Your answer must be a word-for-word copy of the listing, with all pictures excluded.

[DATASET EXTRACT Boundary: Start]

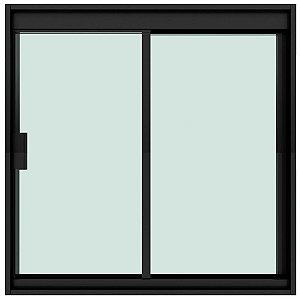 Janela De Correr Para Banheiro Em Alumínio Preto Vidro Verde 600x400mm 2 Folhas Blinglass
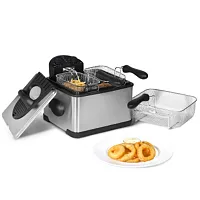 MegaChef 4.23 Quart Stainless Steel Electric Deep Fryer with Timer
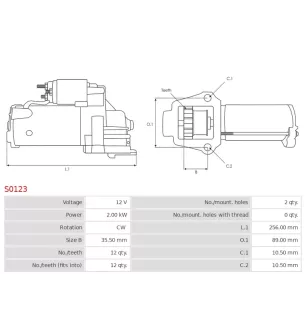 Démarreur 12V 2.00kW 12 dents AS-PL S0123, BOSCH 00010DB94E, 0001105205, 0001109205, 0001109304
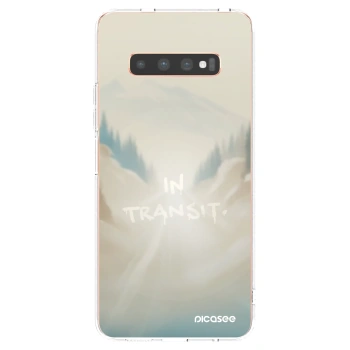 Picasee silikonowe przeźroczyste etui na Samsung Galaxy S10 Plus G975 - IN TRANSIT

[DATASET EXTRACT Boundary: End]

- _RESPONSE BELOW_
 Janela De Correr Para Banheiro Em Alumínio Preto Vidro Verde 600x400mm 2 Folhas Blinglass
 MegaChef 4.23 Quart Stainless Steel Electric Deep Fryer with Timer
 Démarreur 12V 2.00kW 12 dents AS-PL S0123, BOSCH 00010DB94E, 0001105205, 0001109205, 0001109304
 Picasee silikonowe przeźroczyste etui na Samsung Galaxy S10 Plus G975 - IN TRANSIT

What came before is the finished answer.